Growing up, autumn was often the season when our utilities went off. I would go to cook dinner and yell, "Mom, the pilot is out on the stove!" only to hear her curse. The pilot wasn't out — our gas had been turned off. It happened often enough that I wasn’t entirely surprised when I flipped a light switch and nothing happened.
If you’ve ever been behind on your payments, you know that it takes quite a while before companies turn off your utilities. You get bills, late bills, and termination notices before you get the final rap on the door from an apologetic representative who has been sent to disconnect your power or gas. And yet, my parents never seemed to expect the lights to go out.
Their response to financial strain was to ignore it.

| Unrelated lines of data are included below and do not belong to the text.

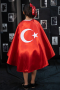 Red Girls Cape KT100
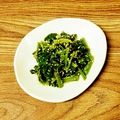 ウメ吉さん's cooksnap of when they made チアシード入り☆ほうれん草の胡麻和え.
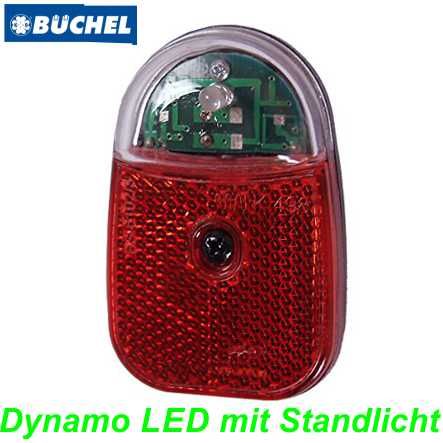 Rücklicht LED Büchel Z-Fire Mini mit Standlichtfunktion auf Schutzblech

Their bills would stack up on the ancient table that served as my dad’s desk, and because my parents didn’t have the means to pay them, the envelopes sat unopened. In my endless middle school wisdom, I was frustrated with my parents. Like any teenager, I had all the answers and knew that if my mom and dad were simply more responsible they could calm their tumultuous finances. I was never embarrassed, but I did pity my parents’ inability to take control.

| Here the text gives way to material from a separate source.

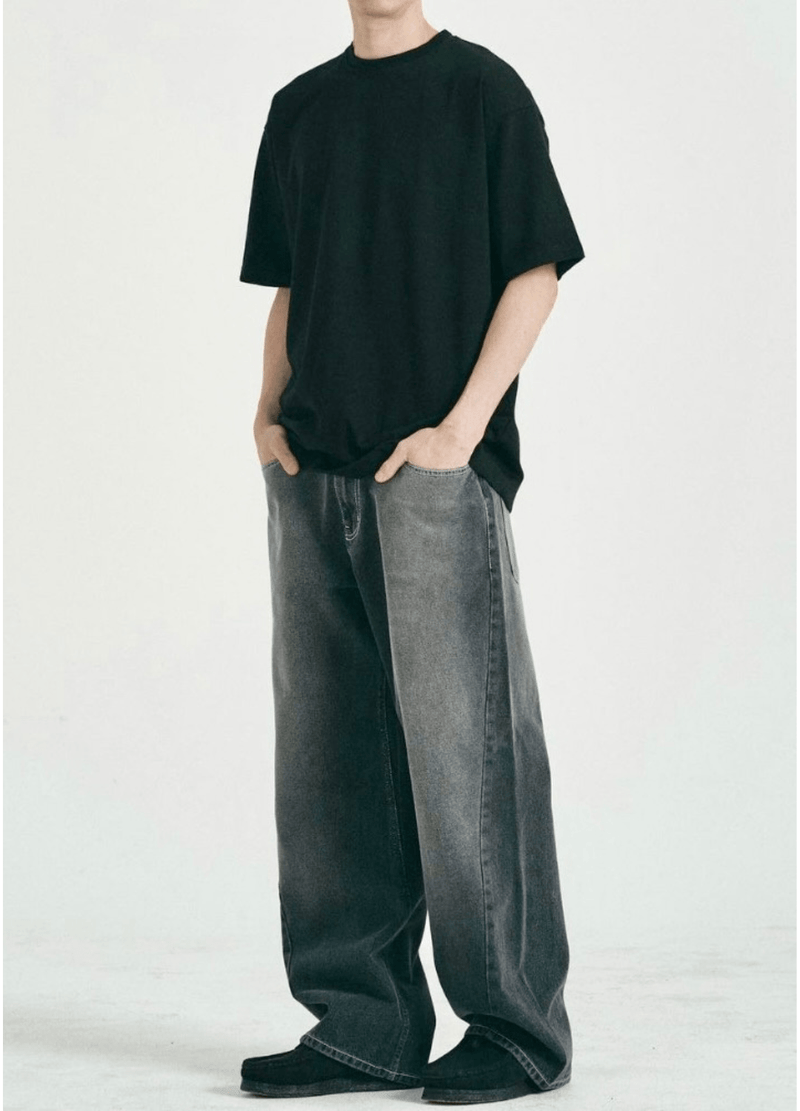 TWISTED BAGGY JEANS ( 2 COLORS )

When I became an adult I was determined to break my parents' patterns, but freeing yourself from generational poverty isn't easy. At the time, there wasn't much I could do about making ends meet, but I vowed to at least acknowledge the situation. When I felt the thick knot of dread in my stomach, I immediately forced myself to log in to my accounts and check my balances.
When bills came, I opened them, even if I didn’t have the money to make a payment right away. If I fell behind on a student loan, I accepted that and called to arrange a more manageable payment plan.
There were times when I floated checks — putting a payment in the mail even if the money wasn’t there and hoping I could make a deposit before the funds were withdrawn. There were times I simply couldn’t make a payment. However, knowing exactly where I stood financially, even when that was in the red, helped me feel more in control of my future.